When we’ve discussed the woes afflicting residential mortgage securitizations, in particular, the deep seated problems arising from the frequent if not widespread failure of the original parties to the deal to take the steps stipulated in their own agreements needed to convey the notes (the borrower’s promissory note) to the securitization legal vehicle, a trust. Although we’ve touched on the problems posed by MERS, if you’ve screwed up on conveying the note in a RMBS, you are very badly stuck. MERS related problems are rounding error. But that isn’t to minimize the problems MERS has created separately, particularly with the integrity of local records, and the way MERS has been abused in court proceedings. Specifically, and bizarrely, foreclosures are often made in the name of MERS. In 45 states, the note is the critical document, and the lien, which is what is registered at MERS, has no independent status. It is the noteholder that has to foreclose, not a mere computer registry for the mortgage. Increasingly, state courts are taking a very dim view of MERS foreclosures.

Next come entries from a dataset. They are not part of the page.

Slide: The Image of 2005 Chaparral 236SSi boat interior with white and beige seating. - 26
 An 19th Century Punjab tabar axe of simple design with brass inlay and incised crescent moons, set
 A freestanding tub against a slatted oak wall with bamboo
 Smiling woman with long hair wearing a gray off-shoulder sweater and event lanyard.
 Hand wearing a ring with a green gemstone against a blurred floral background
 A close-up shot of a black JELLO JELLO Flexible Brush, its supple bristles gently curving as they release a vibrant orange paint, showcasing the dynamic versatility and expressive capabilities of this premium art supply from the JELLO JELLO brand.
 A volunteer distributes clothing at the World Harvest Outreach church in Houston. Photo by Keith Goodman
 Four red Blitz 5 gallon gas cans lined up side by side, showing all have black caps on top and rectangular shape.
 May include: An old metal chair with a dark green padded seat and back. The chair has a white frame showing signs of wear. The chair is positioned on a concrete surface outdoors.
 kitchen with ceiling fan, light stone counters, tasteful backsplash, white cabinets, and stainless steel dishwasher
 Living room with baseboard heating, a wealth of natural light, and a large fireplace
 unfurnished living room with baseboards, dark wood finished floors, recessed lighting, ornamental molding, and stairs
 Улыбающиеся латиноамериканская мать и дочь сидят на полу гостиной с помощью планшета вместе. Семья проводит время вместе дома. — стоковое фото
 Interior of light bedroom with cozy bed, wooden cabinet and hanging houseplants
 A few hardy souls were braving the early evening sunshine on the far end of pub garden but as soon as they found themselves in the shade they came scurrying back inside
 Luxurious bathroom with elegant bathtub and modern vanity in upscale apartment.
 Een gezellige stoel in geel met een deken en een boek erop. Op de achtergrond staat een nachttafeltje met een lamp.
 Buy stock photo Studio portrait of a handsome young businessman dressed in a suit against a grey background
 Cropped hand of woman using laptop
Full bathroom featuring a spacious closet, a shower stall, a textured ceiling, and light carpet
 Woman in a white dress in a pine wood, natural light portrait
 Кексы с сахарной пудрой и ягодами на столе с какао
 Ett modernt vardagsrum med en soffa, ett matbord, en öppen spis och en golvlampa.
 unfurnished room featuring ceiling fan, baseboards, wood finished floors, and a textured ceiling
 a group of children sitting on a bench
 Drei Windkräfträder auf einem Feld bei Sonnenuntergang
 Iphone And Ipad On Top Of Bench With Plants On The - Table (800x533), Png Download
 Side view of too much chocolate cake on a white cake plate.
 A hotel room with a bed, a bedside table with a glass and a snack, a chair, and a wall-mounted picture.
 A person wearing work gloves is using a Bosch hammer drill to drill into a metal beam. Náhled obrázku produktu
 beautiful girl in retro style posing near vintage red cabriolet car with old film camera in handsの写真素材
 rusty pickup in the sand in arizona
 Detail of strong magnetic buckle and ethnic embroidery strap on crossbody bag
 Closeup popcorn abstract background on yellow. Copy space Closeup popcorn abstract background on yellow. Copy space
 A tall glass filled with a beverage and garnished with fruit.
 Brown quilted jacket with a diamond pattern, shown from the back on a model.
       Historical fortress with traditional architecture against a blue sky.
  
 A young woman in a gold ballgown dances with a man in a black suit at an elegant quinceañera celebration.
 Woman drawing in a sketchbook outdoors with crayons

Housing Wire points out that MERS has also been a party foreclosing in some commercial real estate transactions, again presumably in securitized deals. However, HW assures readers this won’t be a big problem, since relatively few commercial deals actually wind up in foreclosure (I assume because most have cash flow, and perhaps due to differences in servicer fee structures, that most commercial RE loans gone sour are restructured).
From Housing Wire:
Possible foreclosure issues with loans processed through the Mortgage Electronic Recording System, or MERS, may be spreading to commercial real estate, but the effect on securitizations could be minimal, according to Barclays Capital analysts…
According to BarCap, these lawsuits are spreading outside the residential space, challenging foreclosures on loans backing commercial mortgage-backed securities.
But analysts believe there are legal remedies available to limit any negative effect for investors.
“As such, there could be a scenario where MERS originated loans could see a possible extension in liquidation timelines by a few months, but this should not affect CMBS valuations on a fundamental level,” according to BarCap.
Foreclosures still remain low on CMBS loans, standing at about 2.2% of outstanding balance through September, according to analysts.